Records shown
┌────────

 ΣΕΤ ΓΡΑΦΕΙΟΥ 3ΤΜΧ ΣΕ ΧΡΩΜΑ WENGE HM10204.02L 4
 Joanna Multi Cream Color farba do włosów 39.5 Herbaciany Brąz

└────────
┌────────

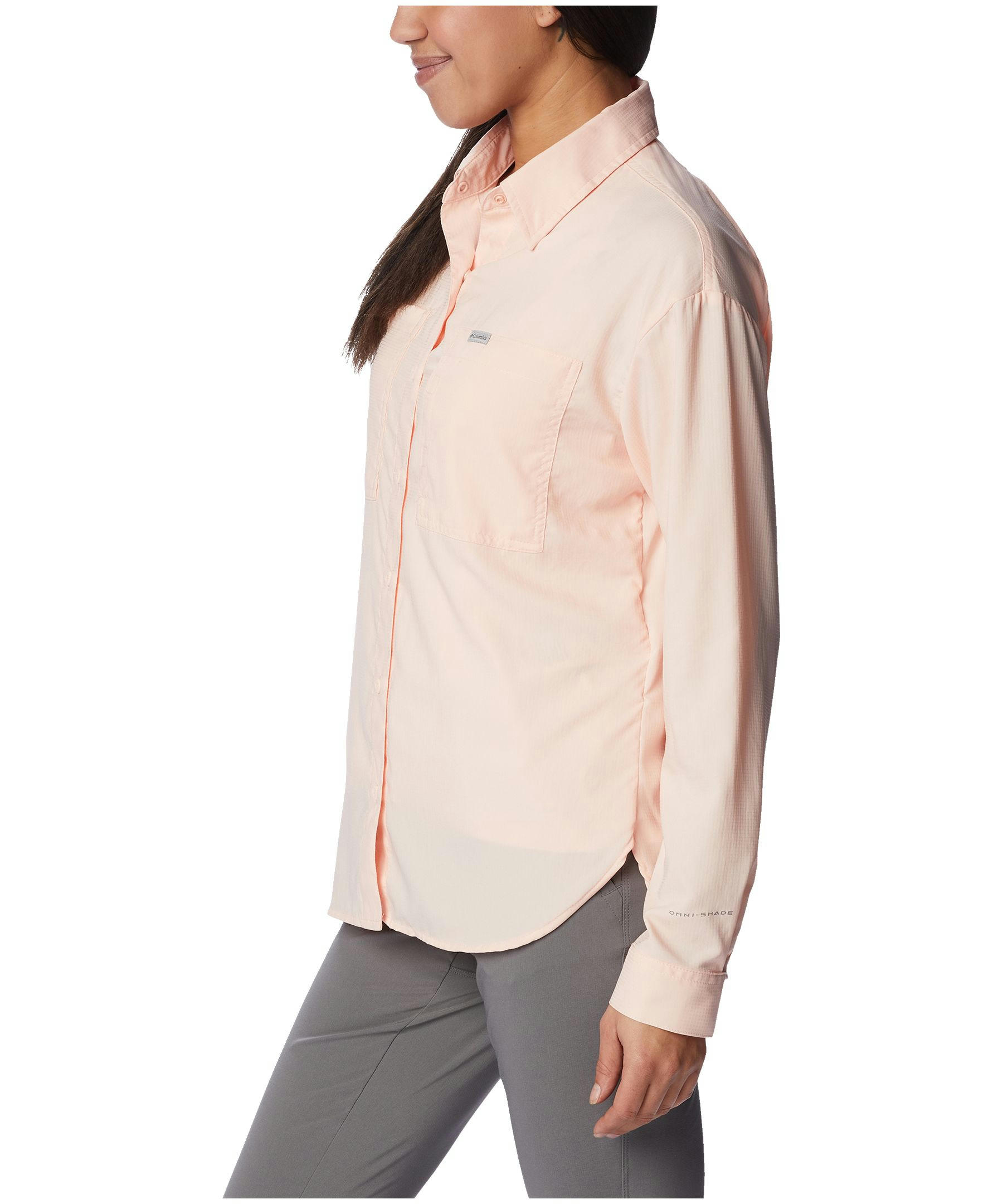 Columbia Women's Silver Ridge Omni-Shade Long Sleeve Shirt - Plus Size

└────────
┌────────

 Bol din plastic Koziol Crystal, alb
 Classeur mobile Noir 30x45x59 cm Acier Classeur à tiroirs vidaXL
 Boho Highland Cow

└────────

What you will do
Out of the data above, transcribe exactly and only the lines starting with the line that has "ΣΕΤ ΓΡΑΦΕΙΟΥ 3ΤΜΧ" and going on through the line that has "Joanna Multi Cream", both included.

Written answer
 ΣΕΤ ΓΡΑΦΕΙΟΥ 3ΤΜΧ ΣΕ ΧΡΩΜΑ WENGE HM10204.02L 4
 Joanna Multi Cream Color farba do włosów 39.5 Herbaciany Brąz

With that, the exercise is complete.